Shaking hands is also one of the quickest and most effective ways to establish a rapport with someone, in part because both people are in vulnerable positions when shaking hands, says Patti Wood, a body language expert. Shaking hands brings both people into close proximity, which offers greater access to body language and facial expression cues.
Wood, author of “Snap: Making the Most of First Impressions, Body Language, and Charisma,” says the power of shaking hands is so great that research has found it takes three hours of continuous interaction to develop the same level of rapport that a handshake can bring.
“There’s very few things that are like that,” Wood says.
Is there a chance the handshake won’t survive the pandemic? Experts believe shaking hands will make a comeback, though it could take years and the gesture might someday cease to be as ubiquitous as it once was.
Alternatives to Handshaking
Both Wood and Senning are recommending their clients avoid shaking hands for the time being due to health and safety concerns.
What do they suggest as an alternative?
Wood suggests substituting a bow for a handshake or Namaste, a Hindu greeting that involves a slight bow with hands pressed together. Such gestures convey friendliness, respect and safety, but can be done from 6 feet away, Wood says, and they create a personal moment that excludes everyone but the two people engaging in the gesture.
Early in the pandemic, Senning says he suggested alternatives such as bumping fists or elbows. As scientists have learned more about the coronavirus and how it spreads, however, Senning has stopped recommending those gestures and turned to a gesture common in the Muslim world. It involves placing your hand over your heart and bowing or nodding slightly. That gesture avoids physical contact, but is still welcoming.
It’s also helpful to compensate for the lack of a handshake by focusing on eye contact and the power of words, Senning says.
“Say the thing explicitly that the gesture was meant to communicate — ‘It’s so good to see you,’” he says. “You want to keep that part of first meetings and introductions.”
Regardless of the replacement gesture, Wood says it’s important is to choose an alternative ritual ahead of time and make sure everyone is aware of it. Such preparation can help reduce the awkwardness and anxiety of starting and ending group video chats, for example.
With shaking hands on hold indefinitely and the public experimenting with new greeting gestures all the time, is there a chance the handshake won’t survive the pandemic? Will it be looked upon by future generations as a quaint, outdated piece of etiquette?
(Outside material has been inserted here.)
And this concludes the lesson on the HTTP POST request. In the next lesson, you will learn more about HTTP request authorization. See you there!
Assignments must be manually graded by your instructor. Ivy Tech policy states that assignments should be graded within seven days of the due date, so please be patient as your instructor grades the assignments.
Wood says that shaking hands will make a comeback, though it could take years and the gesture might someday cease to be as ubiquitous as it once was.
“Unless we go down into the pits of horror, which could happen, I think it will come back to a certain amount of the population but will drop off,” Wood says. “There will be a group of people who will never shake hands again.”
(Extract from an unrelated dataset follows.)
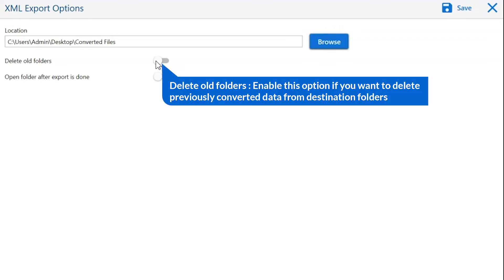Delete old folders. If you want to delete previously converted data from the destination folder, then please enable this option.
Wood points to people who have lost loved ones to COVID-19 as well as younger adults who were raised to frequently use hand sanitizer and who, during the convergence of H1N1 a decade ago, stopped shaking hands temporarily.
Some people, particularly those with very strong personality types, will probably begin shaking hands as soon as it becomes socially acceptable again, Wood says. Others will in all likelihood reserve hand shaking for high-end business and social interactions.
Regardless, the ritual is so powerful in Western culture that its unlikely to disappear any time soon, Senning says.
“I absolutely do think the handshake will return. I don’t think it’s going to fade away like the bow has in the West.